A module-based information literacy tutorial that addresses each stage of the research process, including selecting a topic, identifying information needs, selecting sources, locating information, evaluating information, and citing sources.

Reading an academic text

Once you've found and evaluated an information source on your topic, it's time to engage with it!

Remember:  Not ALL the text may be relevant to your need.  Think about your purpose for reading

  • Are you reading for a general understanding of a topic/concept?
  • Are you reading for some specific information for an assignment?

Take a look at the skim reading method in the box on the right.  This will help, especially for longer readings.
 

Making sense of a text

Good authors will organise their information in a systematic way.

Here are some typical ways that information may be organised in a text:

Past ideas to present ideas
Steps or stages of a process or event 
Most important point to least important point 
 
Well-known ideas to least-known ideas
 
 
Simple ideas to complex ideas
  
General ideas to specific ideas
   
The largest parts to the smallest parts of something
   
Problems and solutions
   
Causes and results

Now that you know about these practices you can start using them in your own writing too!
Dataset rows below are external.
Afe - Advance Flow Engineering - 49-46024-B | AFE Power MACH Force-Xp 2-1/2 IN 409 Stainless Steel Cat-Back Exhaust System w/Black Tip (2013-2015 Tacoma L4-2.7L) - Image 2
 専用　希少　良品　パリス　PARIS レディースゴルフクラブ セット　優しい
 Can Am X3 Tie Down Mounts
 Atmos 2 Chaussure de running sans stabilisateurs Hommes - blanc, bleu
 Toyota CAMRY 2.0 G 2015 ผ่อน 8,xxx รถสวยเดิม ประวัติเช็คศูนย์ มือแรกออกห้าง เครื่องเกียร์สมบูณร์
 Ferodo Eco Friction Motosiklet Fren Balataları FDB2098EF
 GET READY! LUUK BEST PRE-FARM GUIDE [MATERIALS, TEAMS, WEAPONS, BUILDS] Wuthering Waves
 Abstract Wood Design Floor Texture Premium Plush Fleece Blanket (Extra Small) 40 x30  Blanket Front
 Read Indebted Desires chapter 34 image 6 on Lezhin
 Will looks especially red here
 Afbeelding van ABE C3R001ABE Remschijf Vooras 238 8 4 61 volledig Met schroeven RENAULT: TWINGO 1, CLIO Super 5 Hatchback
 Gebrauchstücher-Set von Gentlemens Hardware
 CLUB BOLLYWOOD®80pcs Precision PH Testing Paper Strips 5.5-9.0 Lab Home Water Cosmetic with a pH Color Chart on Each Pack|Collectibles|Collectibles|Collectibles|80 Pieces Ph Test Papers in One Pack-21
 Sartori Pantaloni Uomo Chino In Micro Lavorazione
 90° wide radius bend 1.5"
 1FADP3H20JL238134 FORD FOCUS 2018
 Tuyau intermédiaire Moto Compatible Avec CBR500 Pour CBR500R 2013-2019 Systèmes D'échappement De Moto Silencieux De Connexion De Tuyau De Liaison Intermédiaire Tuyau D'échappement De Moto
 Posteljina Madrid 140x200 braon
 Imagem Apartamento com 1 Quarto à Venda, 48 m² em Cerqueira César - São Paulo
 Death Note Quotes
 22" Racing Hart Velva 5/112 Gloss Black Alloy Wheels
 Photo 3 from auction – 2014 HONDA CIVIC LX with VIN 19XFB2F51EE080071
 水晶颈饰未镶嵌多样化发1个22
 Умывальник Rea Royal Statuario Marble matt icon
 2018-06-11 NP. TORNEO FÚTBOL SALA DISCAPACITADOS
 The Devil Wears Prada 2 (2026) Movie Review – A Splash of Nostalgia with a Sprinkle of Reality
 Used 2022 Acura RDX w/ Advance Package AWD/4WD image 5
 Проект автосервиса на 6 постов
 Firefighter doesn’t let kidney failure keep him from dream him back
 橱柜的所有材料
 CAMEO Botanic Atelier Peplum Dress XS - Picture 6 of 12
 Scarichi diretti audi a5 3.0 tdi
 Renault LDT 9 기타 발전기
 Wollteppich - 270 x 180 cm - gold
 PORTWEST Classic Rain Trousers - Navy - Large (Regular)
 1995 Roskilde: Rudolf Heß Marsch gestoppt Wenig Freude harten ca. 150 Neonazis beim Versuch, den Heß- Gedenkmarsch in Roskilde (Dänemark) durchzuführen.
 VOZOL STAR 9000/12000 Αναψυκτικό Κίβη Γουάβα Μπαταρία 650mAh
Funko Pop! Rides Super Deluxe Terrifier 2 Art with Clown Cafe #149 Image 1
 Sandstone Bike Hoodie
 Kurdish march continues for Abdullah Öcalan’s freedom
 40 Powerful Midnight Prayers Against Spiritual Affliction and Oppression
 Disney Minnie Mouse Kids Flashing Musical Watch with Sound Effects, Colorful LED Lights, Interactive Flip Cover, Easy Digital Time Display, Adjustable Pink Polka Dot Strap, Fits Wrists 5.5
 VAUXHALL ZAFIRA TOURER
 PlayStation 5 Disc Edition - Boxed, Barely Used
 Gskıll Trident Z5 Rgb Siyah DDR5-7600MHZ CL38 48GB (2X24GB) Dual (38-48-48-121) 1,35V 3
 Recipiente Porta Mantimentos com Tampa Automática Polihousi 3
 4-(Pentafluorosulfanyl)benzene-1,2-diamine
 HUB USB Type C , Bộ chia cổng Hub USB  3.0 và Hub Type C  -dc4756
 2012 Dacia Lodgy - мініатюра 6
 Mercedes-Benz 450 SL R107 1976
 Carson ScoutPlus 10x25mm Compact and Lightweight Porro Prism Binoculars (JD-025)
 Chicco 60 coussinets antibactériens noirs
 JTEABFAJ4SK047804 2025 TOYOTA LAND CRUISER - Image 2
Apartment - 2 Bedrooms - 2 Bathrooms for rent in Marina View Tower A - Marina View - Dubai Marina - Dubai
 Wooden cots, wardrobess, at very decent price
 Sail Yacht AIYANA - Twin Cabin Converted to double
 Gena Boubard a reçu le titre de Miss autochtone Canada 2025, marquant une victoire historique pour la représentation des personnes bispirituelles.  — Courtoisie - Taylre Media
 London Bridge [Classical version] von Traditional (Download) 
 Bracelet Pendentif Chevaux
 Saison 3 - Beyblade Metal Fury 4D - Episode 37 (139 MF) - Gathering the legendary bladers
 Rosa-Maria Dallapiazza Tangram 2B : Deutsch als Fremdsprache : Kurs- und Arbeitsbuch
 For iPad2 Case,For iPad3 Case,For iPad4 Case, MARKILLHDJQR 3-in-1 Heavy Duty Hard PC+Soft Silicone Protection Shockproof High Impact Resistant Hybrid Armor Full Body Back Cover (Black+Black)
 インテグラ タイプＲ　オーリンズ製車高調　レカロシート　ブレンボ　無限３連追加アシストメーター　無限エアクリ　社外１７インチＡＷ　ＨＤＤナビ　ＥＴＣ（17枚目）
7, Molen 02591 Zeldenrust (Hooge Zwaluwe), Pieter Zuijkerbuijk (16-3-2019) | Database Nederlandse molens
Keep thinking while you're reading: 

Find the main idea

Find supporting details

Make connections

Find cause and effect

Think about the author's purpose

Make predictions

Infer meaning

Distinguish between facts & opinion

Visualize for meaning

Use context clues

KEEP A DICTIONARY HANDY - AND USE IT!  It will help expand your vocabulary for writing as well.

 

Learn how to Skim Read

To save time, skim read the text first to get a sense of the layout and purpose of the content.

HERE'S HOW IT'S DONE

Preview:  Read only the title and headings, and look at any illustrations, or charts/tables -- look for concepts that match your need

Overview: Go back and read the Abstract (the initial summary, if there is one), and the first sentence introducing each heading, plus the concluding paragraph.  This gives you an idea of the layout and organisation of the text.

Inview: Ask yourself: “Does this text give me the information I require and where might it be located in the text"?  This is the section you should read thoroughly and make notes from.

When you use this method, the important points of the text should emerge, giving you a picture of what it is about.